Королев звонит Павлову: все тока забиты влажным зерном, оно начало гореть, надо спасать. А как? Влажным зерном забиты все заготовительные пункты.
Павлову очень хотелось сказать Королеву: поезжай к Соколову, учись, как правильно хозяйствовать. И надо бы так сказать… Павлов едет в Черновку, потом в город – мобилизовать машины, чтобы подпорченное уже зерно вывезти на комбикормовый завод. А в области испорчены миллионы пудов зерна… Кто в ответе? И почему на уборке командуют не Соколовы, а Королевы? Эти раздумья все яснее говорили Павлову: нужна свежая струя! Надо, чтобы к руководству большим делом стали люди типа Соколова, Гребенкина.
Павлов навестил ученого Романова. Тот опытным путем исследовал каналы потерь выращенного уже урожая: две недели лежки валков, скошенных переоборудованным комбайном, уносили больше центнера зерна с гектара, при обмолоте сырых, промокших валков терялось до трех центнеров зерна с гектара.
Но вот, наконец, установилась погода, ударили первые заморозки. И Павлов увидел в Черновском районе поля неубранной кукурузы с желтыми поникшими листьями.

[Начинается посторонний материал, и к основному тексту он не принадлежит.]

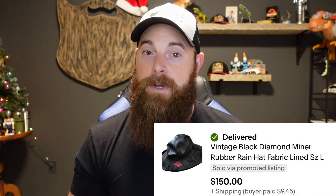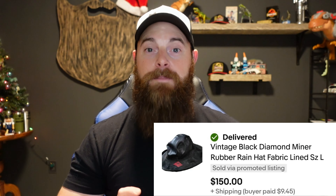We're going back to the old school format — posting what sold with the comp right in the listing. The first item is a vintage Black Diamond miner rubber rain hat, size large, went for $150 international. They paid the shipping. I go through the Global Shipping Program on eBay, but I did just send my first Pirate Ship international shipment — pretty easy, so I might switch. I only got that hat for $3 at a yard sale. It did take a long time to sell because I was asking so much, but it did sell.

Урожай загублен…
А у Несгибаемого и Гребенкина вся кукуруза уже убрана.
Хорошие солнечные дни чередуются с дождливыми. И Смирнов, как видно, не выдержал напряжения. В районы выехали новые группы уполномоченных с задачей: любыми путями перевыполнить план сдачи хлеба! А Павлова отозвал в обком.
– Вот тебе боевое задание, – строго выговаривал Смирнов. – К дню открытия партийной конференции план по мясу выполнить процентов на восемьдесят, к открытию съезда – полностью! А хлебом займусь сам.
Павлов пробовал доказывать: нельзя гнать на мясо низковесный молодняк, он сейчас поставлен на усиленный откорм, через месяц-полтора он будет хорошей упитанности. Говорил, что при сложившихся условиях к съезду не выполнить плана по мясу.
– Неужели ты, Павлов, не понимаешь момента? Одним словом, организуй! Указания районам и заготовителям уже даны, мы тут без тебя на бюро разбирались.
И повторилось старое: под нажимом уполномоченных гнали плохо упитанный скот, оформляли в сдачу сырое, несортированное зерно.
Павлов решил обратиться с письмом в Центральный Комитет. Он написал о всех, по его мнению, антигосударственных делах Смирнова, честно признал свои ошибки.
Скоро из Москвы приехала группа товарищей. В их числе и Лихачев, давний знакомый Павлова.
– Приехали ваши письма проверять, – сказал он.
– Почему письма? – удивился Павлов. – Я писал только одно письмо.